The retailer, which operates 800 stores in 21 countries, reported an 8.7% rise in underlying operating profit to 153.2 million pounds ($235 million) for the full year ended March 28, and like-for-like sales saw a 4 percent uptick.
“Whilst the high street remains as competitive as ever, we have been pleased with early summer trading, seeing positive reactions to new trends,” a company statement noted. “We will continue to invest in our strategic initiatives, and we are confident that the increasing strength of the New Look brand leaves us well placed for the year ahead.”
Last month, South African investment firm Brait acquired a 90 percent interest in New Look for 780 million pounds ($1.2 billion), and the company said that while both parties are comfortable with New Look’s current leverage ratio, they are evaluating ways to optimize capital structure to cut costs and extend maturities.
“These strong results demonstrate a year of delivery against our strategy.

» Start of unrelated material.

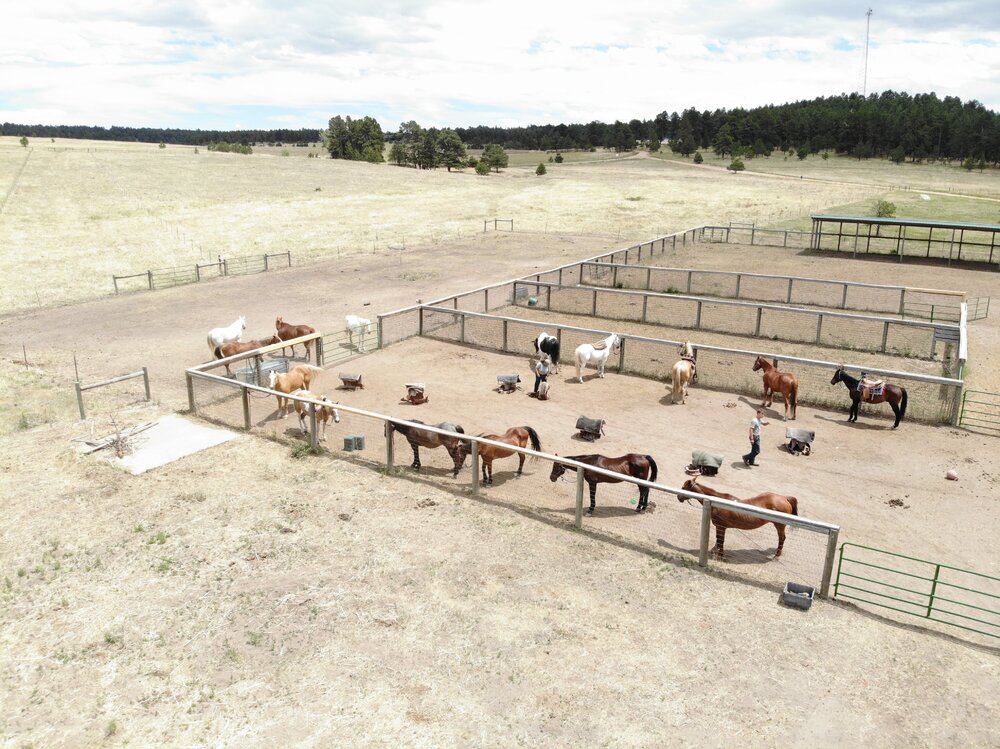 2022 Camp Cris Dobbins (35).JPG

With the support of our new owners Brait, this is a hugely exciting time for New Look, as we continue to focus on our strategic initiatives of Brand, Multichannel, International Expansion, Product Development and Menswear,” New Look CEO Anders Kristiansen said.
The company noted positive performance in its first year of trading in China. At the end of 2014, New Look had 19 stores in the Asian nation, and since opening more in April and May, it now has 30. The retailer said it expects to have 70 stores operating across China by 2016.
“Internationally, we are making great strides both in Europe and in China,” Kristiansen said. “In China, customers have responded positively to our ranges and we see the opportunity for significant growth in the country, with up to a further 50 stores due to open in the coming year.”